(Items from a dataset)

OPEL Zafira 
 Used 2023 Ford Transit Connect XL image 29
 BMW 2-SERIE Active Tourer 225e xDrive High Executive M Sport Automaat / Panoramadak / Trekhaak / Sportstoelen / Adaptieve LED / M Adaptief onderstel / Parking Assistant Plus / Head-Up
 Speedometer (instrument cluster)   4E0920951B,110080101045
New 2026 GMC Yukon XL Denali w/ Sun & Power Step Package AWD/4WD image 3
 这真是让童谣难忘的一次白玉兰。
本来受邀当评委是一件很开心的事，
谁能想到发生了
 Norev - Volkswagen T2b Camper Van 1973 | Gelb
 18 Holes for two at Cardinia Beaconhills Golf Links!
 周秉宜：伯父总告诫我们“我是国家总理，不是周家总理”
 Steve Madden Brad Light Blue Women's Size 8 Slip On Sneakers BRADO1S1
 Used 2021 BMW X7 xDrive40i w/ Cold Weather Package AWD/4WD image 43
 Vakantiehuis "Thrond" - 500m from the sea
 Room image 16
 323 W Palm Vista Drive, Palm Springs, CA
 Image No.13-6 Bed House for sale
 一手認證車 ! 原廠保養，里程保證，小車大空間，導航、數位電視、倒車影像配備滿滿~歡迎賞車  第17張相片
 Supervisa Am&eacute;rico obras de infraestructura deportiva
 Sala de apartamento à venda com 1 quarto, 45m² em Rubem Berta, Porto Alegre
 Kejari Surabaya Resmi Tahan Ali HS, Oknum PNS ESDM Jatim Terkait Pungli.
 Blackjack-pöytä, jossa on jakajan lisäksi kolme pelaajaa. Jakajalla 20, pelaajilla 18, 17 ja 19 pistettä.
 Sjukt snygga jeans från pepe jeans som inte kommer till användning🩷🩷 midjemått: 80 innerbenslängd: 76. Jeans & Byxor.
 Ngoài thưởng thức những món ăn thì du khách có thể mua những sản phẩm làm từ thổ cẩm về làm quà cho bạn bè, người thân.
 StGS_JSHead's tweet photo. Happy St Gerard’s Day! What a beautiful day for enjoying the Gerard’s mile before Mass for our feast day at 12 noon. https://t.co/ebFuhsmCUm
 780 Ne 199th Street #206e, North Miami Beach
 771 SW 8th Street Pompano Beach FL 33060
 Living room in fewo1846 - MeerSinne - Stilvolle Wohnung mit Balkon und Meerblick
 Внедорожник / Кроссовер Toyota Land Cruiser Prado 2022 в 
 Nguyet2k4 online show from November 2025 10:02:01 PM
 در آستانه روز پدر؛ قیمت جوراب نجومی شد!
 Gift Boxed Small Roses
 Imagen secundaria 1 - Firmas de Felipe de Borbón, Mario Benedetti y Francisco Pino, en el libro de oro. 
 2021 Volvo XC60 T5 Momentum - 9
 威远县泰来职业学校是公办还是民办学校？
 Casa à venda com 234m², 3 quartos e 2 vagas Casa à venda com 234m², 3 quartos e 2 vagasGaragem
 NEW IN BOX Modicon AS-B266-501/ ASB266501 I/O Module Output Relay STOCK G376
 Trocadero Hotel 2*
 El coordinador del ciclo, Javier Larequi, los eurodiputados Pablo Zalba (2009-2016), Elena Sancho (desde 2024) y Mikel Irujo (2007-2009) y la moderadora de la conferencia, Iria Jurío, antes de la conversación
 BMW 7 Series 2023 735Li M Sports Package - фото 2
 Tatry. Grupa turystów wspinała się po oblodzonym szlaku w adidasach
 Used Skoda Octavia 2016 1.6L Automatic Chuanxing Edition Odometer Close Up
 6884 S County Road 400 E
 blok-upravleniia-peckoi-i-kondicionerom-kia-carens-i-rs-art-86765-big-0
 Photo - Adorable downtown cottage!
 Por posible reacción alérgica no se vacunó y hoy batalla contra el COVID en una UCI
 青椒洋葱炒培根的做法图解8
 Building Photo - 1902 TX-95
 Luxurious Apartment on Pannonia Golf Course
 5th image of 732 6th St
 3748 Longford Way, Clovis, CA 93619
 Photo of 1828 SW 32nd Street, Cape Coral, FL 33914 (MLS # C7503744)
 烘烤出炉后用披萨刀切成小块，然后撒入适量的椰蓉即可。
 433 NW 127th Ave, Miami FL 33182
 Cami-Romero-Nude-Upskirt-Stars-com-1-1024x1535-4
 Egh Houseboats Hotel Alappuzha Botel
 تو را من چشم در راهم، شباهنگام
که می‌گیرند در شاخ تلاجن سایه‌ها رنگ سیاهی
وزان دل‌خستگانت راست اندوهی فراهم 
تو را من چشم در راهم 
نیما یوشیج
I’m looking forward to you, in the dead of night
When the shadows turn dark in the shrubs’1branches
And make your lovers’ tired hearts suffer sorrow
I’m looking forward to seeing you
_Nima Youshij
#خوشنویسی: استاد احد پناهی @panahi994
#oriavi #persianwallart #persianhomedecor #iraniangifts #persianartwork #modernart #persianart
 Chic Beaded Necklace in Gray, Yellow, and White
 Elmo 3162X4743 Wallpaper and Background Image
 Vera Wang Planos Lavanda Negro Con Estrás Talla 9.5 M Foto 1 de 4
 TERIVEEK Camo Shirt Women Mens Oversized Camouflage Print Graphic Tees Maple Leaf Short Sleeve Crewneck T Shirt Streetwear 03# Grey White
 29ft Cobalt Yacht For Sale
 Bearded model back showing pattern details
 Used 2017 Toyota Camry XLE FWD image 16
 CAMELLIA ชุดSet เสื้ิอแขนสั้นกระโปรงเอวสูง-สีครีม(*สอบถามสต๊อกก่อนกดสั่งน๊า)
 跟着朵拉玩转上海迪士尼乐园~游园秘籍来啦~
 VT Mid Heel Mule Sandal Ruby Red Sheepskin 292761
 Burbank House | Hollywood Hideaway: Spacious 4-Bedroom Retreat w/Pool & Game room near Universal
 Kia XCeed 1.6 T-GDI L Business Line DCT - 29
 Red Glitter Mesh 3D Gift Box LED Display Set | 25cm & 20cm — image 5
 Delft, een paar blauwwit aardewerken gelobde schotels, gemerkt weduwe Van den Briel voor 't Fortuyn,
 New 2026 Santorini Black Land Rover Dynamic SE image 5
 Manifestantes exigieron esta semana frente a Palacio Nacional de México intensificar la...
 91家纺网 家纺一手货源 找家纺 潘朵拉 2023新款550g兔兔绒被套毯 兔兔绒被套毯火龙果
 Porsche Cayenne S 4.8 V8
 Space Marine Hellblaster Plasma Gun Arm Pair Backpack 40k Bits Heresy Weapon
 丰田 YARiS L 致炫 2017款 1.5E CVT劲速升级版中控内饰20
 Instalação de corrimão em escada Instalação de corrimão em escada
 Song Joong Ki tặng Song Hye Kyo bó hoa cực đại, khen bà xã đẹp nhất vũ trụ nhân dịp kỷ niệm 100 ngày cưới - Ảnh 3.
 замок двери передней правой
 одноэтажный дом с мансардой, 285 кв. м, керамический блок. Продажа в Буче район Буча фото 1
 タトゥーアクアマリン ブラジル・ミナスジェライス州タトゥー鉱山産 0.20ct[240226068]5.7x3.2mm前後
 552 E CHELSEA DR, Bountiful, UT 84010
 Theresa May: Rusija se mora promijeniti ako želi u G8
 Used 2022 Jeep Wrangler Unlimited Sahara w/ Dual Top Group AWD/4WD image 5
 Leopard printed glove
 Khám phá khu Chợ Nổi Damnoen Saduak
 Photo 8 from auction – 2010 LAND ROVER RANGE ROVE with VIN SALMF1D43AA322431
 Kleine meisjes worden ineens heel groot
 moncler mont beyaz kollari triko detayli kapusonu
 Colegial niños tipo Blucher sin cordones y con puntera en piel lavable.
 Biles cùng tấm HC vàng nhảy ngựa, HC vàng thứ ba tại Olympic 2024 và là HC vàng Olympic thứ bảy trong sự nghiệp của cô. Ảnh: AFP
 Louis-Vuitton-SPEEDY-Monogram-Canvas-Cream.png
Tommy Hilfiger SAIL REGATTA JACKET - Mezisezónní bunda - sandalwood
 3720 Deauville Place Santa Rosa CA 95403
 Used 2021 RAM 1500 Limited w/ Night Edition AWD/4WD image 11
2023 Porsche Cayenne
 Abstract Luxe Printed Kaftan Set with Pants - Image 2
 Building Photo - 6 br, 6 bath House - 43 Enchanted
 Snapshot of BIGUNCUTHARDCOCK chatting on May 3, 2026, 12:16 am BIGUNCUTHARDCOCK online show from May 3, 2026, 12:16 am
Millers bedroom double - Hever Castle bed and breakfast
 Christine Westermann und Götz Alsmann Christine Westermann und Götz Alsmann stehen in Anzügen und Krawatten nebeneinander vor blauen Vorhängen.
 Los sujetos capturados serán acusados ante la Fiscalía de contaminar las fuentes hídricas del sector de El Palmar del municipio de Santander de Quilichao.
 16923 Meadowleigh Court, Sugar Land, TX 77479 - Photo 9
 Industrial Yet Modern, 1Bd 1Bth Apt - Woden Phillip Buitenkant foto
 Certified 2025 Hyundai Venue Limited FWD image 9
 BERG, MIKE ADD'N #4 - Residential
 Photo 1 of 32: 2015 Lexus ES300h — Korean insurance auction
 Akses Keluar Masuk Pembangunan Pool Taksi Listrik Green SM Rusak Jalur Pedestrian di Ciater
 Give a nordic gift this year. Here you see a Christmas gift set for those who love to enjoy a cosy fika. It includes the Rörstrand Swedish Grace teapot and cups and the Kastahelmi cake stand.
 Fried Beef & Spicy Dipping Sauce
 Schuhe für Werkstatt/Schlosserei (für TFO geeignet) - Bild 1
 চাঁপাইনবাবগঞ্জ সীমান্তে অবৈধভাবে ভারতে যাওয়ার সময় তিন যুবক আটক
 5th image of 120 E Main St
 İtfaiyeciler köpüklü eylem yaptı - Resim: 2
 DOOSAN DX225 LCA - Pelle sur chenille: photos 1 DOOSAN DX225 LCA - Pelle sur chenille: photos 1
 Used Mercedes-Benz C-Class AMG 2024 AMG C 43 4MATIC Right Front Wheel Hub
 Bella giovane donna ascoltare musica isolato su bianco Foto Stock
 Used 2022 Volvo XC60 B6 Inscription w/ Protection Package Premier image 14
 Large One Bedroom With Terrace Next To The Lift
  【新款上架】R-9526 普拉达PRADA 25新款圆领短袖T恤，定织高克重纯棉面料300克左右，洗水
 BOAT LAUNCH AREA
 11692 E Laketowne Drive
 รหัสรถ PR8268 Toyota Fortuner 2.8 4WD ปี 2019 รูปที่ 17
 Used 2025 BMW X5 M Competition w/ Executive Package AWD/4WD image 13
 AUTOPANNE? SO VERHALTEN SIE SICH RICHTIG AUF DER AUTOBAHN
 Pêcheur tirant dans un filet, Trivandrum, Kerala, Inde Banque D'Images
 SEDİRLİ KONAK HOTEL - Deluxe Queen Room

■ What you should do
Transcribe only, please, the lines from the first line of the records through the line with "Blackjack-pöytä, jossa on". Both of those lines are included.

■ Answer to this task
OPEL Zafira 
 Used 2023 Ford Transit Connect XL image 29
 BMW 2-SERIE Active Tourer 225e xDrive High Executive M Sport Automaat / Panoramadak / Trekhaak / Sportstoelen / Adaptieve LED / M Adaptief onderstel / Parking Assistant Plus / Head-Up
 Speedometer (instrument cluster)   4E0920951B,110080101045
New 2026 GMC Yukon XL Denali w/ Sun & Power Step Package AWD/4WD image 3
 这真是让童谣难忘的一次白玉兰。
本来受邀当评委是一件很开心的事，
谁能想到发生了
 Norev - Volkswagen T2b Camper Van 1973 | Gelb
 18 Holes for two at Cardinia Beaconhills Golf Links!
 周秉宜：伯父总告诫我们“我是国家总理，不是周家总理”
 Steve Madden Brad Light Blue Women's Size 8 Slip On Sneakers BRADO1S1
 Used 2021 BMW X7 xDrive40i w/ Cold Weather Package AWD/4WD image 43
 Vakantiehuis "Thrond" - 500m from the sea
 Room image 16
 323 W Palm Vista Drive, Palm Springs, CA
 Image No.13-6 Bed House for sale
 一手認證車 ! 原廠保養，里程保證，小車大空間，導航、數位電視、倒車影像配備滿滿~歡迎賞車  第17張相片
 Supervisa Am&eacute;rico obras de infraestructura deportiva
 Sala de apartamento à venda com 1 quarto, 45m² em Rubem Berta, Porto Alegre
 Kejari Surabaya Resmi Tahan Ali HS, Oknum PNS ESDM Jatim Terkait Pungli.
 Blackjack-pöytä, jossa on jakajan lisäksi kolme pelaajaa. Jakajalla 20, pelaajilla 18, 17 ja 19 pistettä.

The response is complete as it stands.